■ Caption-style text data

§ §

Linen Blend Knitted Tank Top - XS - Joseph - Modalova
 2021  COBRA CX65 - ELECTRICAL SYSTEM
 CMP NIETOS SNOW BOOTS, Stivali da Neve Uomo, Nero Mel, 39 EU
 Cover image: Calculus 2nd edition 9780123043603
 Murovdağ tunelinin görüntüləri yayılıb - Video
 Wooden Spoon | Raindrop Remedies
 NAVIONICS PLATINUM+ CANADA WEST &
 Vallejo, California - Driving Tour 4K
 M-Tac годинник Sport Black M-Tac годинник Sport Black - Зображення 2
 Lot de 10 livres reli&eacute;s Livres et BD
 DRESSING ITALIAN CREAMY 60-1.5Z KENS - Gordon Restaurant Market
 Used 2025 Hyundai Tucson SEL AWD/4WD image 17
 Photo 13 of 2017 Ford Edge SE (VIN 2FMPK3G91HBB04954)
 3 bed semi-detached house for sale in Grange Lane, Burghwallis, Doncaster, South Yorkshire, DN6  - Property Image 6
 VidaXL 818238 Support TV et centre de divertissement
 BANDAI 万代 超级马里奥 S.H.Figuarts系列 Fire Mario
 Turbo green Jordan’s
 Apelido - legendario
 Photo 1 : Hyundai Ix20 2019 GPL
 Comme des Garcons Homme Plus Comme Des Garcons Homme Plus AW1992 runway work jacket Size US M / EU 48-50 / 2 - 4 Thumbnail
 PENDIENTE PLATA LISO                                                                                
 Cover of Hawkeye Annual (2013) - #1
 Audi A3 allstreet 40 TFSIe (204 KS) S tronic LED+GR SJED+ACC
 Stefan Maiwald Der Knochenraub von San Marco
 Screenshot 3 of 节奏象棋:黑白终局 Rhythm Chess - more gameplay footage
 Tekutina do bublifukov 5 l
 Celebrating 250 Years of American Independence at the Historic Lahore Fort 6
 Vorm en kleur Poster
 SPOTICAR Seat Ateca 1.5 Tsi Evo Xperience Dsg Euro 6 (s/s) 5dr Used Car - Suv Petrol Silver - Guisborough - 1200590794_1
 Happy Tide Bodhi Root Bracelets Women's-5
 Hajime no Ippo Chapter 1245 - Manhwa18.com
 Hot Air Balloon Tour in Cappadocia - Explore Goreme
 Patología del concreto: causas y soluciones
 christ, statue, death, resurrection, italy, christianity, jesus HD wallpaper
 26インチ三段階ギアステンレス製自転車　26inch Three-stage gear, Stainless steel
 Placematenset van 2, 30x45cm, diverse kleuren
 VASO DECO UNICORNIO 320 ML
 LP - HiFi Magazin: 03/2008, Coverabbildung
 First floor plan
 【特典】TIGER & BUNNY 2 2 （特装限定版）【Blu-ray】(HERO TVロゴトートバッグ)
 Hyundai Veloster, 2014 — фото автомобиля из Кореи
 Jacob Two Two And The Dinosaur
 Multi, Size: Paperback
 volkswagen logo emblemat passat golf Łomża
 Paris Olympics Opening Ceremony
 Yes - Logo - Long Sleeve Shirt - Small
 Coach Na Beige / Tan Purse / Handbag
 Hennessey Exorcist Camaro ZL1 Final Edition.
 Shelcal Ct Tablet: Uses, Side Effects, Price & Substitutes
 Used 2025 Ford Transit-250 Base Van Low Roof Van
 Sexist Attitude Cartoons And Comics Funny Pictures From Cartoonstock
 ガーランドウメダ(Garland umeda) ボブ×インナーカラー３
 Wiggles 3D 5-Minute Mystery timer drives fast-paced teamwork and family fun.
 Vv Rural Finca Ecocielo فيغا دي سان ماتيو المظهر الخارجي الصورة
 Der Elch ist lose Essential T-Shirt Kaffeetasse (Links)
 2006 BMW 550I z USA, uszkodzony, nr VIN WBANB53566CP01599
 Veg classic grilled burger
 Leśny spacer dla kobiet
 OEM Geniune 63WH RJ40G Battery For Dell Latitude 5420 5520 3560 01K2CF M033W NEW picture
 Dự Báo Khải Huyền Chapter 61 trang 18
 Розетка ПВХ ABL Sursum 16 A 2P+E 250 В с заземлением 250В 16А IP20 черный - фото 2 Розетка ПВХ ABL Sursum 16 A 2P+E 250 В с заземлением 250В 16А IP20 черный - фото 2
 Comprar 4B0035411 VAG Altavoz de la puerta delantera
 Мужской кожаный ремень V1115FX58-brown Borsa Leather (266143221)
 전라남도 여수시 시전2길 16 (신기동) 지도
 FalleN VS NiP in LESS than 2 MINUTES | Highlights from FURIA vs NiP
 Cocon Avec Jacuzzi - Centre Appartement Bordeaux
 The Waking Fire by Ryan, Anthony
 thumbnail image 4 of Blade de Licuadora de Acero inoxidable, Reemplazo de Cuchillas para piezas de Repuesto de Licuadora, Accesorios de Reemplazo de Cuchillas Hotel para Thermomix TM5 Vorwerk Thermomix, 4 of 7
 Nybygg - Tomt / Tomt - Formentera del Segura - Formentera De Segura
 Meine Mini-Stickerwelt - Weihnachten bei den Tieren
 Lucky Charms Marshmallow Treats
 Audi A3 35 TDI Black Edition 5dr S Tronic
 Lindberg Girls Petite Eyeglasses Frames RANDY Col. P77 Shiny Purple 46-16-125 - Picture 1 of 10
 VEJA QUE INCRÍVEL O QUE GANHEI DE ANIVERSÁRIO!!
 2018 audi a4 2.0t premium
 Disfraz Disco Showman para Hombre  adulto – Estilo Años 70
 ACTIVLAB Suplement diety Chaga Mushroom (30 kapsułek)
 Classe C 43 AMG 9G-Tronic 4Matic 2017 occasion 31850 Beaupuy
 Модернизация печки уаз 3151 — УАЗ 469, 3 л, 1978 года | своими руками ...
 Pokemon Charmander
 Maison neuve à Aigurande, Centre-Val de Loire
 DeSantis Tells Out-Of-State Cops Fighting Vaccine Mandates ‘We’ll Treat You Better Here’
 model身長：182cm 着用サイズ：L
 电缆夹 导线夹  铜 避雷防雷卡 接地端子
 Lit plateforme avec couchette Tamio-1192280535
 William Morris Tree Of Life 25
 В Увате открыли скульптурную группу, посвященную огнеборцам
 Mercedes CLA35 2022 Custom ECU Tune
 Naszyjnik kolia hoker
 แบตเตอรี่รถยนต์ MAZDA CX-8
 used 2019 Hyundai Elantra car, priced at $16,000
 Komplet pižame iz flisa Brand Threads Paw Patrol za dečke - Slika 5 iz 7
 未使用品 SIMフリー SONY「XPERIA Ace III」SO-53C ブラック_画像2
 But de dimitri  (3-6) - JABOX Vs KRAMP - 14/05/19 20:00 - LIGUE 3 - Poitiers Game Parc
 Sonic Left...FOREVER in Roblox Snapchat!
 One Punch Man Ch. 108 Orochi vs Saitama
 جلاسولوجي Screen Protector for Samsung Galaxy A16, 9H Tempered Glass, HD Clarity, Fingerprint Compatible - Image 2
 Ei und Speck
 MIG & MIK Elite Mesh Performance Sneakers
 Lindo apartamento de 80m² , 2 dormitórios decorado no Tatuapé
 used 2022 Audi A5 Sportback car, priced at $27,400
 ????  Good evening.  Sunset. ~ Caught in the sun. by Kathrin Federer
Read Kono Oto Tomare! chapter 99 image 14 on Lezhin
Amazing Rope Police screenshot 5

§ §

■ Try it
What this exercise asks for is every line of the data above with the word "para".

■ Response
 thumbnail image 4 of Blade de Licuadora de Acero inoxidable, Reemplazo de Cuchillas para piezas de Repuesto de Licuadora, Accesorios de Reemplazo de Cuchillas Hotel para Thermomix TM5 Vorwerk Thermomix, 4 of 7
 Disfraz Disco Showman para Hombre  adulto – Estilo Años 70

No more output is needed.